Young Women’s Christian Association (YWCA) - American Education
An international organization dedicated to the personal, social and physical development of girls and women aged 12 and older. The oldest volunteer women’s membership movement in the United States, the YWCA was inspired by the 1855 merger of two British women’s organizations—the Prayer Union, which sponsored church-like activities, and the General Female Training Institute, founded as a home for nurses returning from the Crimean War. The new Women’s Christian Association began serving the thousands of women who had flocked to cities during the industrial expansion of the late 1800s to find jobs—only to find poverty-level wages and unemployment. A similar phenomenon in the United States spurred the founding of the Ladies’ Christian Association in New York City, to work for the “temporal, moral, and spiritual welfare of the self-supporting young woman.” Later that year, a similar group calling itself the Young Women’s Christian Association formed in Boston.
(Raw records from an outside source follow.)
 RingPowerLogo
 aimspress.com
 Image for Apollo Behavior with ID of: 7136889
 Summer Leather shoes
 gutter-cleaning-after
As YWCAs formed in other cities, they provided many of the services that YMCAs provided for young men: Christian spiritual guidance, housing facilities, recreation and physical training, and formal education, including classes in such academic subjects as reading and writing, penmanship, arithmetic, science and music, and such vocational subjects as sewing, needlework, dressmaking, typing, bookkeeping, clerical and secretarial work, telegraphy, interior decorating and commercial art. Like YMCAs, YWCAs recruited missionaries on college and university campuses, and established camping programs that provided inexpensive summer vacations for working girls.
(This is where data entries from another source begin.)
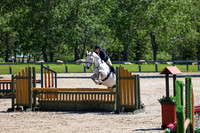 08931 - Mara - 2026 June Classic II - Friday June 19th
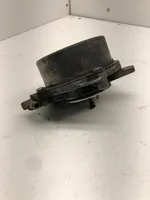 Audi A4 S4 B7 8E 8H Alipainepumppu 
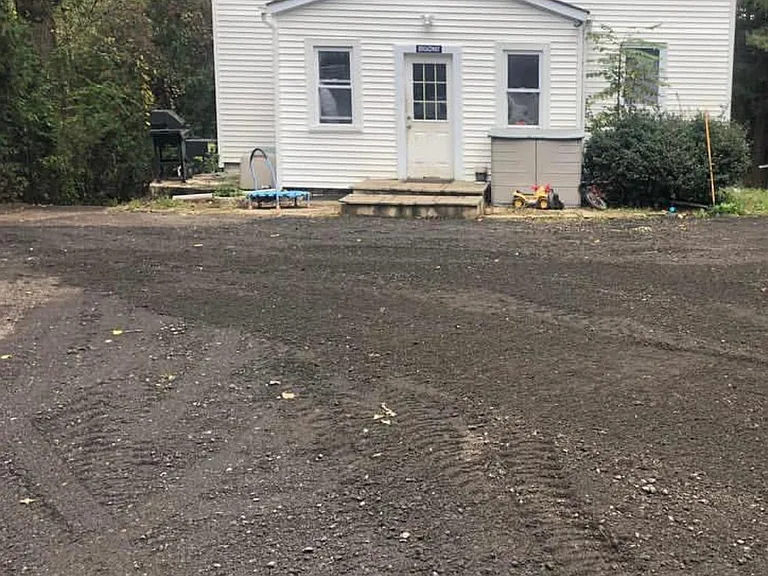 311 Route 82 #A — Photo 1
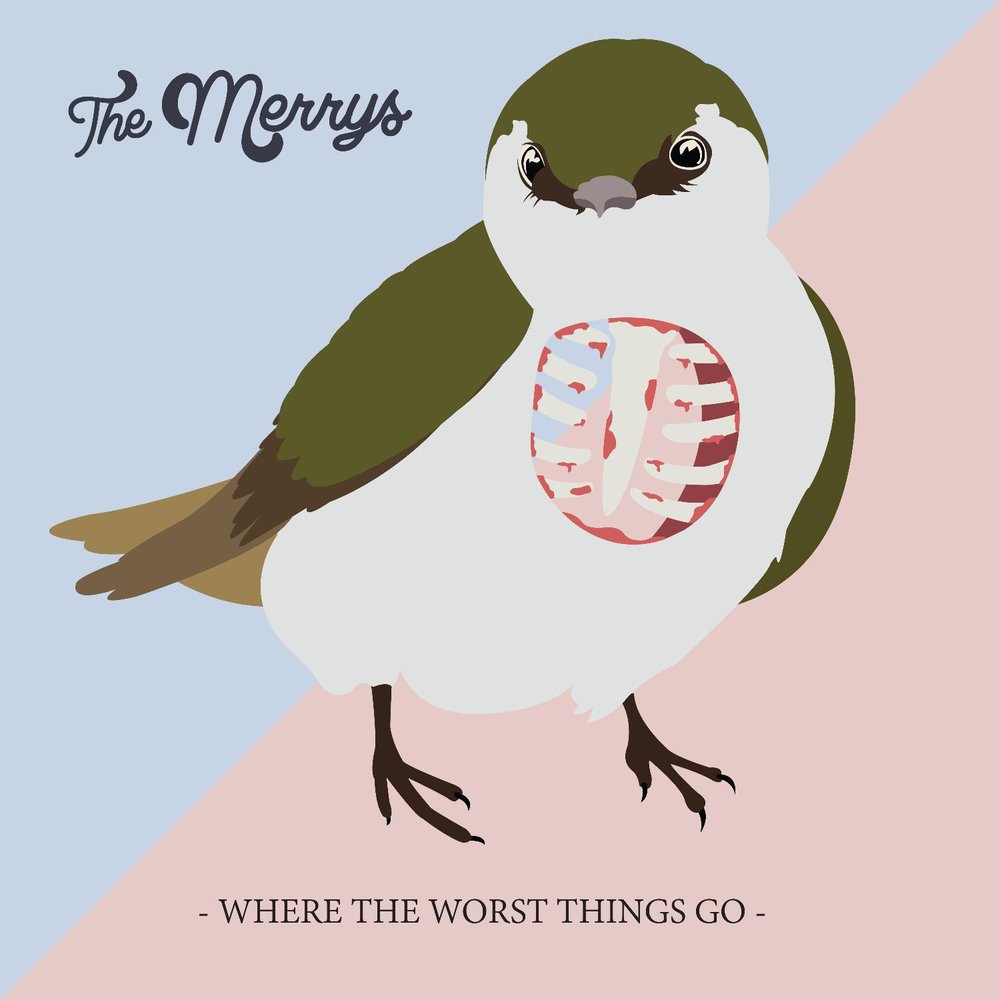 Csat медики арма 3. Холодильник с едой. Последний поворот фильм 2015. Payday 2 heist. Антистаси арма 3.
Unlike YMCAs, however, YWCAs have always remained far more decentralized, with only loose ties to a National Board in New York City that was not even founded until the first decade of the 20th century. Moreover, YWCAs traditionally remained more committed for a longer period of time to their evangelical mission than did YMCAs, whose early attraction to sports and physical fitness diluted their original mission. During the 1920s and 1930s, YWCAs concerned themselves with social service and with the training of women for jobs that had been inaccessible to them prior to woman suffrage and the development of the women’s rights movement.
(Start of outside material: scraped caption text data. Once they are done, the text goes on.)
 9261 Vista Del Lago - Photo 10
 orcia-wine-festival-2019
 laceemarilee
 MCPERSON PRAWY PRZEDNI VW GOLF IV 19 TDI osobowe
After World War II, as formerly all-male colleges and universities opened their doors to women and as the job market expanded and provided women with more opportunities, YWCA membership plunged by nearly 25%, and those branches that survived reached out to wider audiences, including many non-Protestants. Men and boys may now join as associate members. Like YMCAs, many YWCA branches have evolved into nonsectarian, quasipublic organizations. Branches remain totally independent, however, and are operated and funded by volunteers and are dedicated to a variety of widely varying activities designed to meet the needs of each particular community. Not all YWCAs are housed in formal structures. Many are simply affiliated organizations in churches, libraries, schools, colleges, community and student associations, women’s residencies and shelters and resident camps. Total membership has surpassed 25 million members in 122 countries—about 2.6 million of them participating in 300 local chapters across the United States.